I'm Trying to Teach a Computer to Translate from English to Czech
I found a sample of about 7000 sentences that are in both languages. I’ll tell it to go through them 100 times and try to understand the words. I’ll make it easier...

I found a sample of about 7000 sentences that are in both languages. I’ll tell it to go through them 100 times and try to understand the words. I’ll make it easier for it by providing a Czech-Czech dictionary with 2,000,000 words from Wikipedia (word embedding 300d).
I create a model and start the training. The desktop indicates that it’s working – the fan is whirring. The temperature on the GPU rises from 36 to 40, 50, 52 degrees Celsius. My computer athlete is audible, but it’s only operating at 33% of its maximum. A warm-up. Learning English is, after all, more of a warm-up for it.

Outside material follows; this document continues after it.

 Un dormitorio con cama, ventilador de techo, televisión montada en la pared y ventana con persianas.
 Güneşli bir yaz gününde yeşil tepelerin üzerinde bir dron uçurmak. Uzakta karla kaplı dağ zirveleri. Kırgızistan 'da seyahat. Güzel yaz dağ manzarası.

I calculate that learning the entire dataset and going through it 100 times will take about a quarter of an hour. During this time, I realise that it would probably benefit much more from an English-English dictionary when translating from English. Too late, it has already gone through it 77 times. Even so, the little rascal has learned the training data with 99% accuracy and is passing the test set with a still impressive result of 68% correct. Wow! I wish I had such a knack for languages. I test it with a few examples – see the image. The first sentences are nothing special, but then it really gets going! Considering it has only been learning English for 15 minutes, that’s quite decent.
I’ll try giving it the English-English dictionary with 100 dimensions as well. The result? The accuracy on the test data is about 1% better. It handles 3500 English and 9500 Czech word forms reasonably well. What do you think?